In his first television interview since the scandal broke a year ago, Roger Vangheluwe claimed he paid one nephew he abused for years tens of thousands of euros in support, but denied it was meant to keep him silent.
He called 13 years of sexual abuse of one nephew which started at age 5 as no more than "a little piece of intimacy". He said the abuse of a second nephew was very short.
He said he fully realised what he did was wrong, and often went to confession about it. The 74-year-old Vangheluwe resigned a year ago, just as the sex abuse scandal was spreading across Europe.
The acknowledgment of more abuse and his attempts to minimise its impact immediately caused an outcry. Vangheluwe said the 13-year abuse of his nephew "started as, I would call it, a game. And in fact it never went much beyond that," he told VT4 network.
"I had the strong impression that my nephew didn't mind at all. To the contrary," he said. "It was not brutal sex," Vangheluwe said. "I never used bodily, physical violence."
Walter Van Steenbrugge, the lawyer for the nephew, responded by saying that "knowing what happened, I want to ask him what he then understands to be brutal sex". He also denied Vangheluwe's claim that he paid the victim €25,000 several times over.
Justice Minister Stefaan De Clercq said in a statement the church authorities "had to take measures to stop the irresponsible behaviours of the former bishop".
"It is a slap in the face of his victims and all victims," De Clercq said.

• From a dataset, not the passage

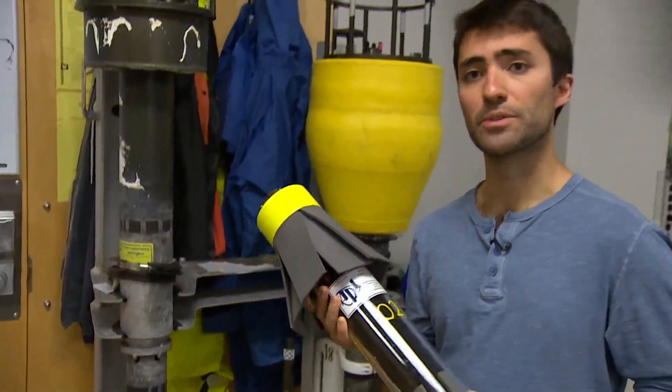Best case, just knowing, to the best that we can, as soon as we can, where the hurricane is going to be and what the impacts are going to be. A new understanding of dangerous and powerful storms they hope could one day save lives.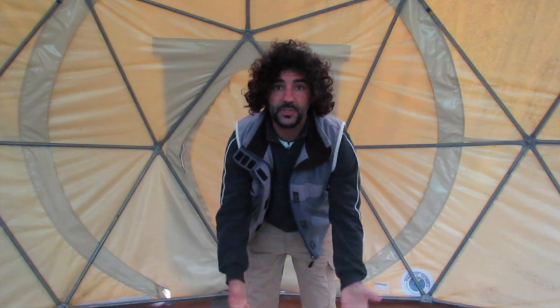Today's vlog is about geodesic domes. And here we are inside — I'm just about to talk a bit about what geodesic domes are and how they inspire me. Geodesic domes are structures such as this one I'm sitting inside right today.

Carina Van Cauter, of the parliamentary committee into sexual abuse, said Vangheluwe "tries to turn his victims into culprits. He throws salt in their wounds".
Vangheluwe complained in the hour-long VT4 interview that the church was targeted in abuse probes, and that other sectors like sports organisations were let off too easily.
"Why is it different for priests than for other situations. Why should the church pay compensation and there is no compensation in other professions," he said. "The church should not be pushed in a special corner."
During the interview, Vangheluwe sat relaxed, sometimes had a smile dancing on his lips, a twinkle in his eye and shook his shoulders while trying to minimise his abuse.
He said that despite acknowledging the abuse, he would never willingly forsake his priesthood. He said he had made his vows and he would "not break them".
Vangheluwe was Belgium's longest-serving bishop when the scandal broke and was forced to admit he had abused his nephew, now in his early 40s, for years and even after becoming a bishop in 1984.
He said it started out at crowded family gatherings when lodgings were so cramped he had to sometimes share a bed with a child. "There was a moment when we were alone and it was almost a habit that it happened then," he said of the abuse.
Vangheluwe said it ended when the nephew told him years later "rather forcefully" to stop it.
The abuse of the second nephew also happened in "the early period" when he had to share bunks "and it also happened a little bit".
A few years later the most of the family knew it.
Earlier this week, the Vatican used its new rules to crack down on sex abuse by high-ranking churchmen by ordering Vangheluwe to no longer work as a priest while officials determine his punishment.
Over the weekend, Belgian bishops reported that Vangheluwe had merely been sent outside the country for spiritual and psychological counselling.
The interview was set up in a secret location somewhere along the Loire river known for its grand chateaux and superb gardens in central France.
Sex abuse victims accuse the church of letting off the hook bishops who molested minors and see Vangheluwe's fate as a prime example.
Pope Benedict XVI will eventually decide his fate. He could be stripped of his priesthood.